The mastermind of Marvel Studios is finally opening up a bit about Edgar Wright's shocking departure after nearly a decade of Ant-Man development.
Before Iron Man became a runaway hit for Marvel Studios, before Thor, before Captain America: The First Avenger, before The Avengers became one of the highest-grossing movies ever, there was Edgar Wright and Ant-Man. The Shaun of the Dead director's vision for one of Marvel's longest-serving heroes had been around for pretty much as long as Marvel Studios had. So when it was announced in May that Wright would be leaving Ant-Man after eight years of developing the script, casting the film and preparing to shoot, many people were shocked, to say the least.
In the days and weeks that followed, the Ant-Man shakeup easily became the biggest Marvel Studios controversy to date, and it was made worse by repeated rumors of a new director that resulted in no concrete news. Finally, in early June, Marvel tapped Peyton Reed to helm the flick, and the furor died down, but plenty of questions remained. Why did Wright leave after so much development work? What finally made Marvel think he wasn't the right man for the job? Was Wright's vision just too much for the corporate-driven Marvel machine? There were plenty of rumors about the split, and there still are, but both Marvel and Wright have kept largely quiet about the decision, until now.

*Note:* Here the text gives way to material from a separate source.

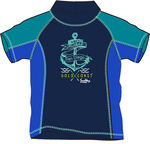 儿童航海风短袖T恤设计稿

While promoting the next Marvel Studios flick, Guardians of the Galaxy, this week, Marvel Studios President Kevin Feige finally spoke out a little on Wright's Ant-Man departure. Though there have been plenty of rumors that what Wright wanted in the film was just too bold for the studio, Feige insists that wasn't the case:
"The Marvel movies are very collaborative, and I think they are more collaborative than what he had been used to. And I totally respect that," Feige said.
"[But] the notion that Marvel was scared, the vision was too good, too far out for Marvel is not true. And I don't want to talk too much about that because I think our movies speak to that. Go look at Iron Man 3; go look at The Winter Soldier; go see Guardians of the Galaxy later this month. It would have to be really out there to be too out there for us."
In the end, according to Feige, Wright left the film because his vision and the one Marvel Studios had simply didn't work, not because one was bolder than the other, but because things simply didn't line up in the end, and the studio decided it would rather cut ties than try to force the film.
"We sat round a table and we realised it was not working," he said. "A part of me wishes we could have figured that out in the eight years we were working on it. But better for us and for Edgar that we figure it out then, and not move it through production," Feige said.
"We said let's do this together and put out a statement. What do we say? 'Creative differences'. I said: 'That's what they always say and no-one ever believes it.' Edgar said: 'But in this case it's true … '"
So, while some fans will continue to believe what they want to believe, Feige seems to be doing his best to set the Ant-Man record straight, and noted that he's still disappointed that his creative relationship with Wright won't continue.
"The biggest disappointment for me is just the relationship, because I like Edgar very, very much and we were very close for many many years," he said. "But the perception that the big evil studio was too scared at the outside-the-box creative vision is just not the case."
It's nice to see Feige trying to heal the wounds of the Ant-Man debacle, but for many fans, this won't be over until Reed turns in a satisfactory movie. Whether he will has yet to be seen.
Ant-Man hits theaters July 17, 2015.